*WORK INSTRUCTIONS*:
Write each line below back out exactly, omitting its pictures.

*PROVIDED RECORDS*:
━━━━━━━━━━━━━━━━
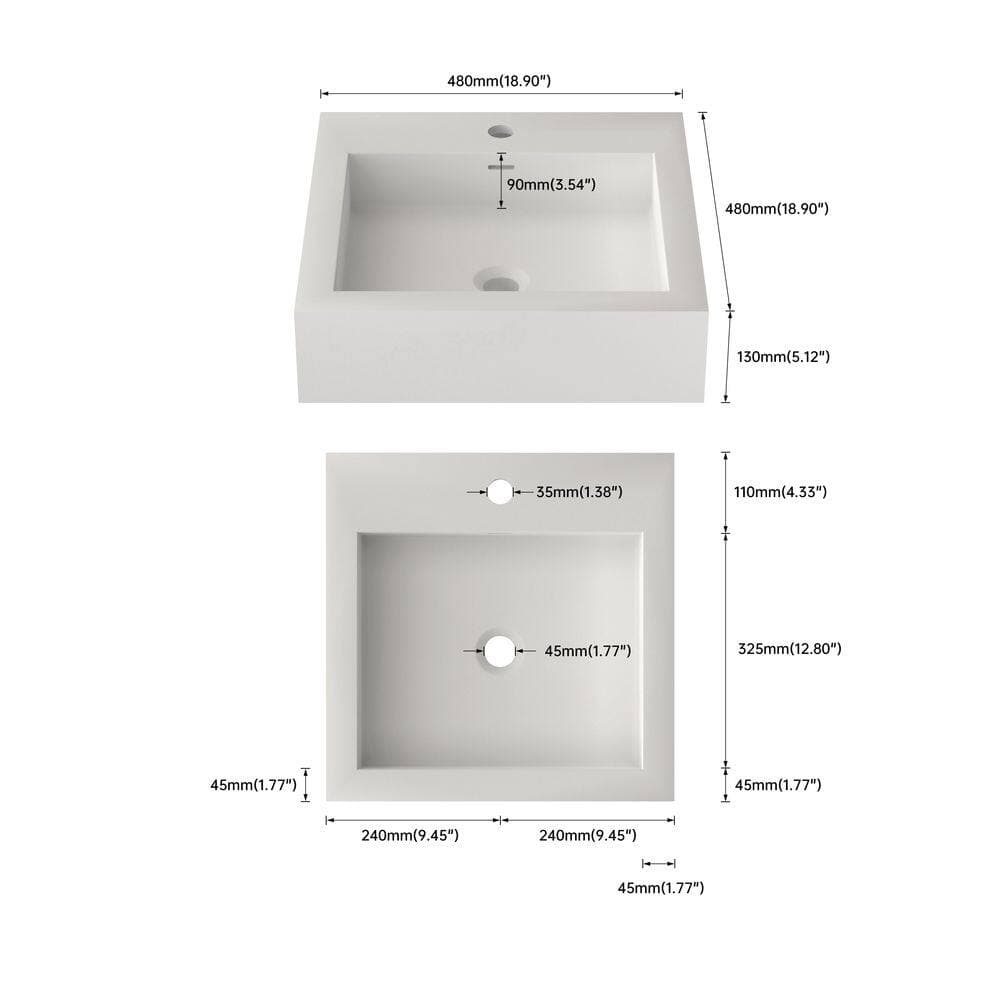 LIVACA 18.90 in. x 18.90 in. Drop-In Bathroom Sink in Matte White Solid Surface with Single Faucet Hole (2)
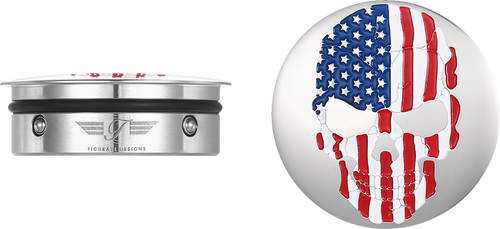 Swing Arm Covers - Red/White/Blue Flag Skull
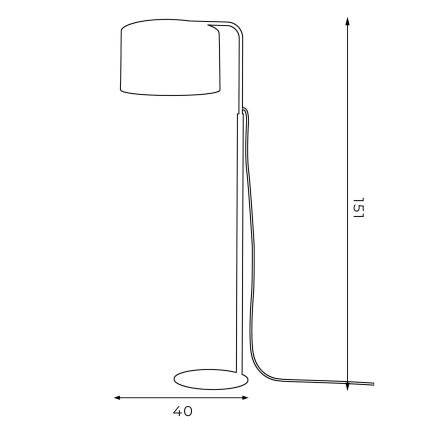 Lámpara de pie ARDEN 1xE27/60W/230V blanco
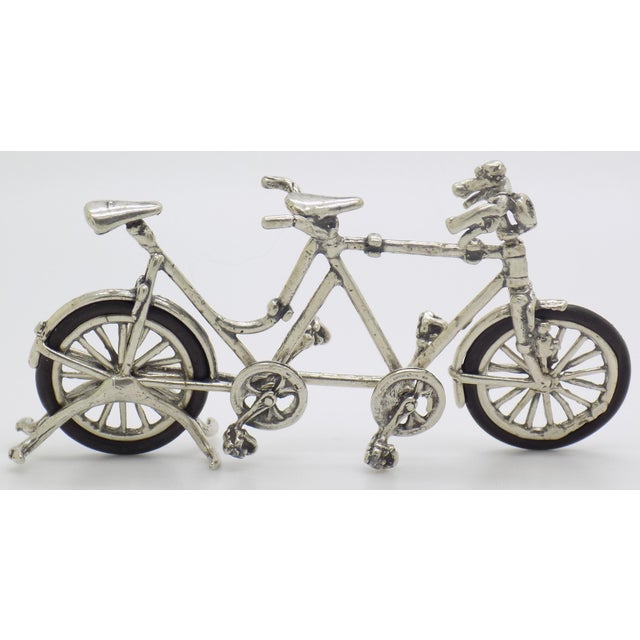 Vintage Italian Handmade Genuine Silver & Rubber Wheels Large Tandem Bicycle Miniature Figurine Made in Arezzo Tuscany For Sale - Image 4 of 10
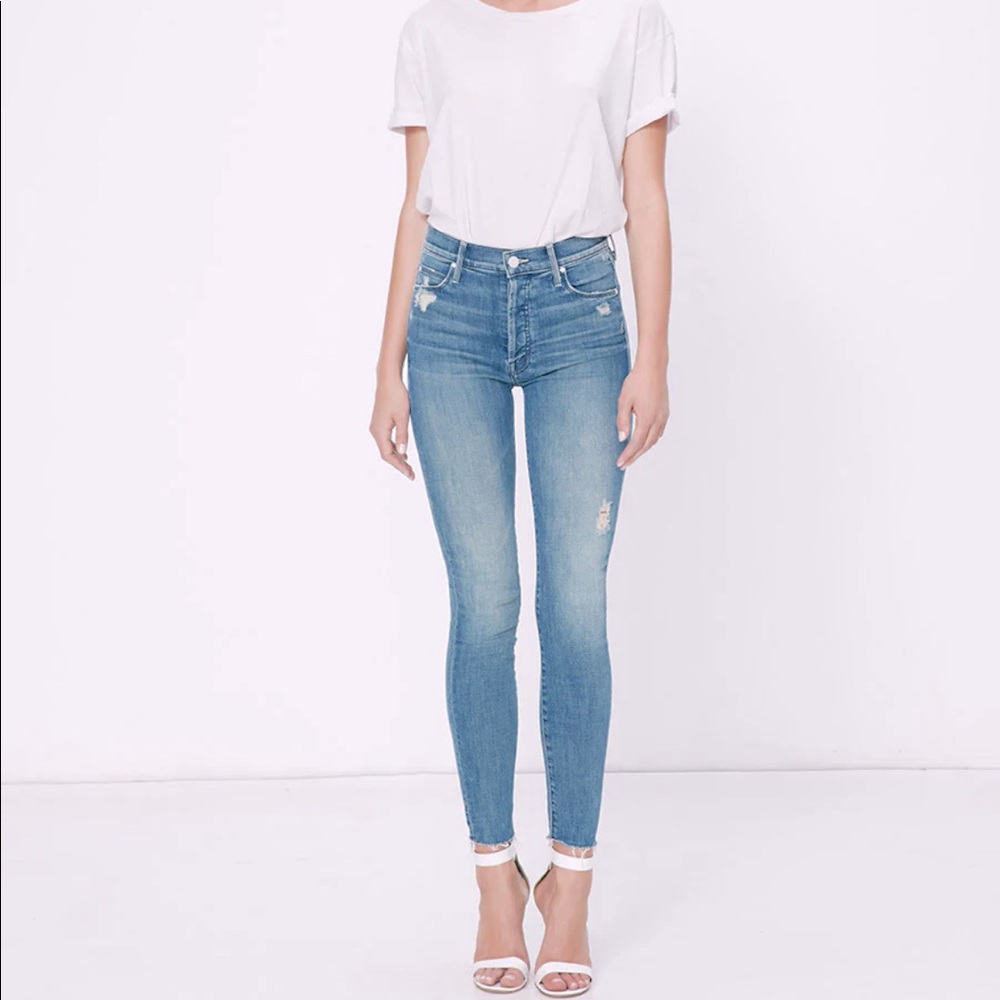 MOTHER Denim Unworn NWT The Stunner Ankle Fray in Graffiti Girl 25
━━━━━━━━━━━━━━━━
*YOUR SOLUTION*:
 LIVACA 18.90 in. x 18.90 in. Drop-In Bathroom Sink in Matte White Solid Surface with Single Faucet Hole (2)
 Swing Arm Covers - Red/White/Blue Flag Skull
 Lámpara de pie ARDEN 1xE27/60W/230V blanco
 Vintage Italian Handmade Genuine Silver & Rubber Wheels Large Tandem Bicycle Miniature Figurine Made in Arezzo Tuscany For Sale - Image 4 of 10
 MOTHER Denim Unworn NWT The Stunner Ankle Fray in Graffiti Girl 25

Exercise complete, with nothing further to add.